Lab-grown burgers came to market some time ago. Some of the first efforts date back to 2013, even though there hasn’t been any real global demand for lab-grown meat just yet. It is expected we will see more of these products hit the market before 2020. The benefit of this approach is simple: we can finally envision a world where clean meat becomes the new normal. Although initial startup costs for such ventures are quite steep, they can be repaid rather quickly if consumers take a liking to these products.

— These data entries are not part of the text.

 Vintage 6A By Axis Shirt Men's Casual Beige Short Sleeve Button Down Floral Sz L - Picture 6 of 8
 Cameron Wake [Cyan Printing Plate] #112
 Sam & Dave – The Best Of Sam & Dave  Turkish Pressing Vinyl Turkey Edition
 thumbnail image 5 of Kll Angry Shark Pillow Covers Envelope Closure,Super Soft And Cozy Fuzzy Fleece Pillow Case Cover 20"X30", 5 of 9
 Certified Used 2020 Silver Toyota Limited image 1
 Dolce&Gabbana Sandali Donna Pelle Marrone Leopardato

It is also worth mentioning that scientists are looking well beyond meat these days. Lab-grown poultry, for example, is something a lot of companies are more than willing to explore. Tests with both chicken and duck have been completed successfully, albeit within a controlled environment. A sustainable solution for food production must be found sooner or later. Our planet simply can’t support the massive quantities of meat, chicken, and other edibles we all need on a daily basis.

Beyond meat and chicken, we’re also seeing initiatives focusing on dairy. It may sound odd to grow milk, eggs, and cheese within a lab environment, but it seems this is more than possible. Everything looks and feels like the genuine product, yet the eggs are basically egg-less, as are the dressings. Vegan cheese is also becoming more commonplace, which is another peculiar trend. As long as producers can get the taste and smell right, few people will actually notice a difference.

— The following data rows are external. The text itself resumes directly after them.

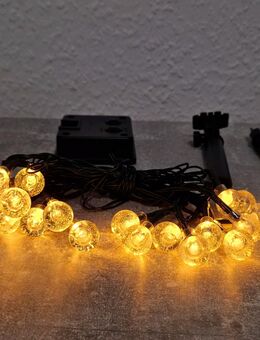 Solar Lichterkette 5 Meter 20 LEDs Beleuchtung Weinachten Balkon Garten Neu - Dresden
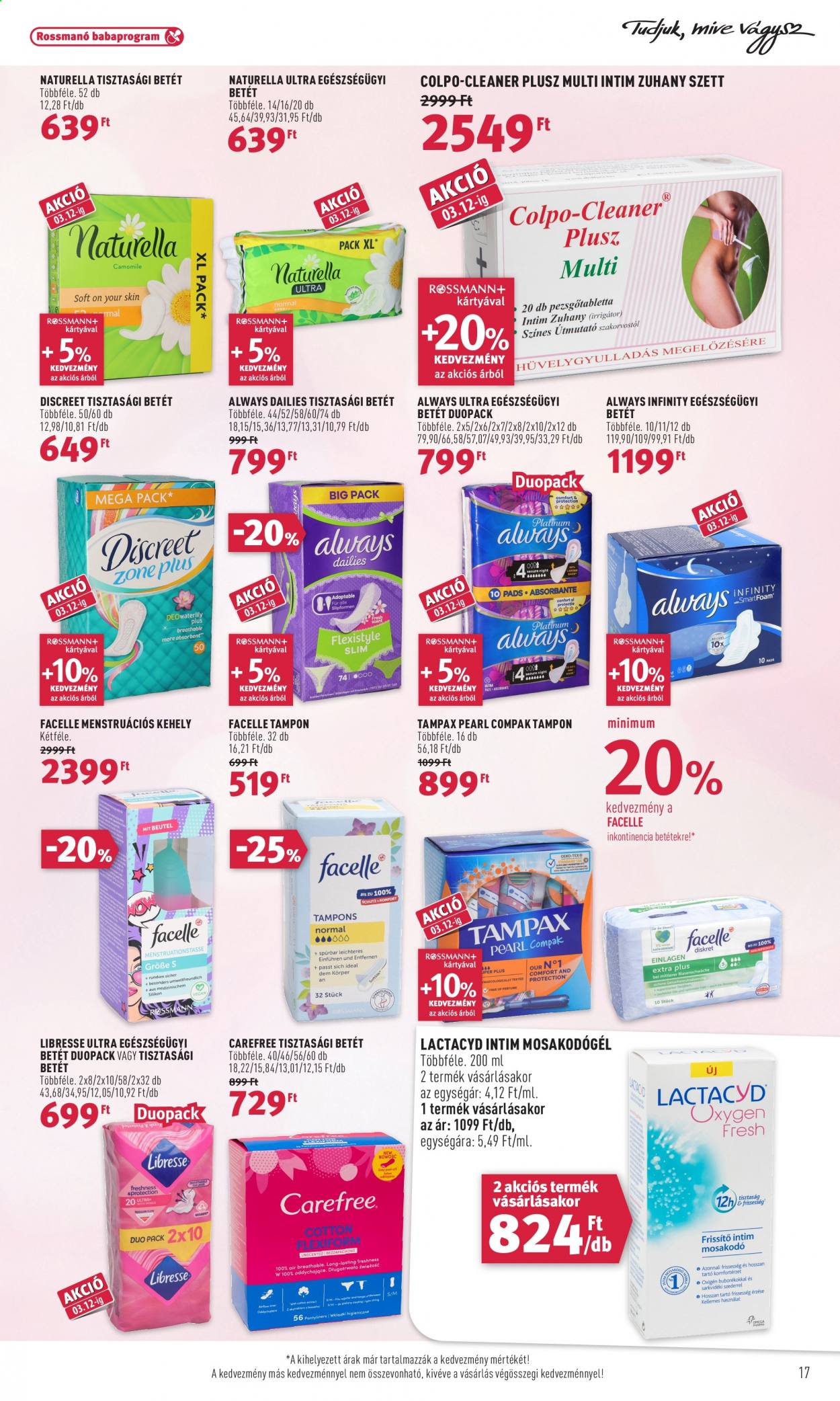 Rossmann akciós újságok - 2021.03.01 - 2021.03.05. Oldal 17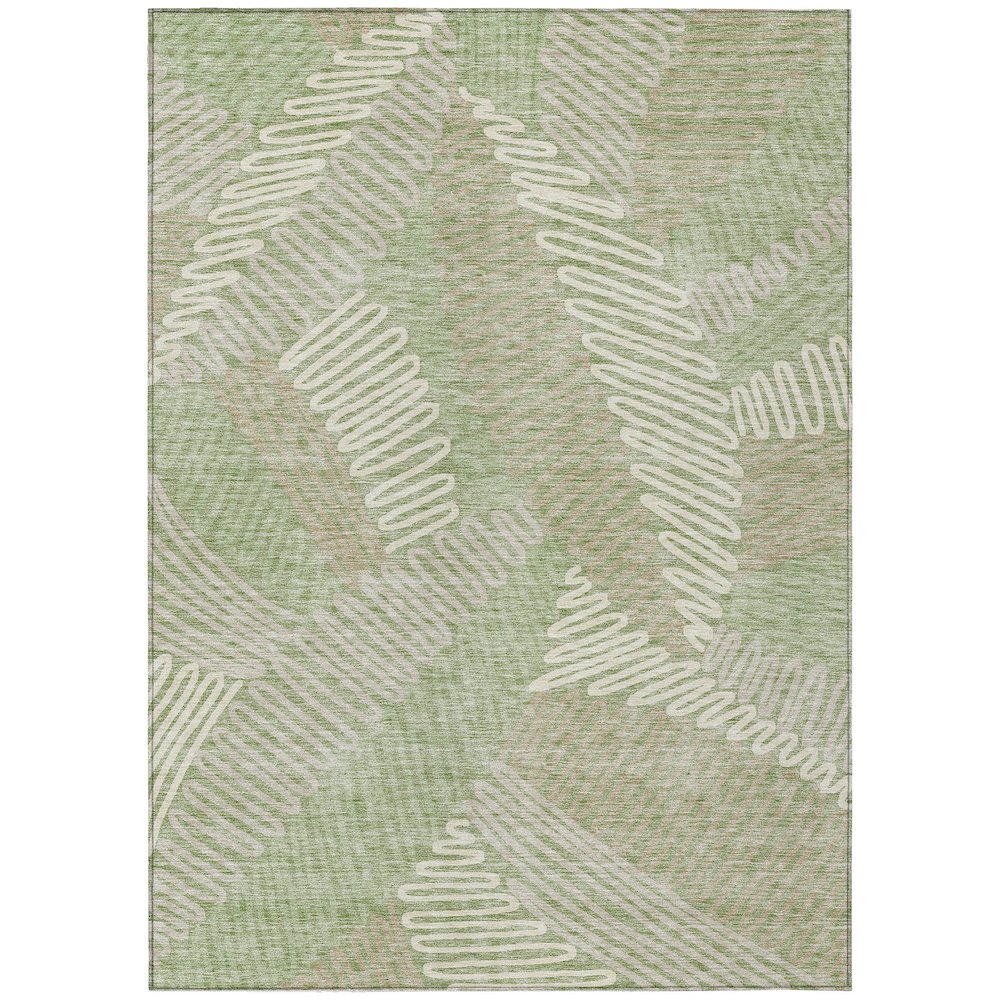 Chantille ACN904 Green 3' x 5' Rug. Picture 1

One market left to conquer is the seafood industry. On paper, this should be a lot easier than meat, poultry, or even dairy. However, there is still a lot of work to be done in this regard. The current way of fishing and using caught fish is not sustainable for much longer. A plant-based version of tuna already exists in the US, and we may see similar efforts in Japan later this year. Lab-made fish will come to market a lot sooner than people think, which can only be considered a good thing.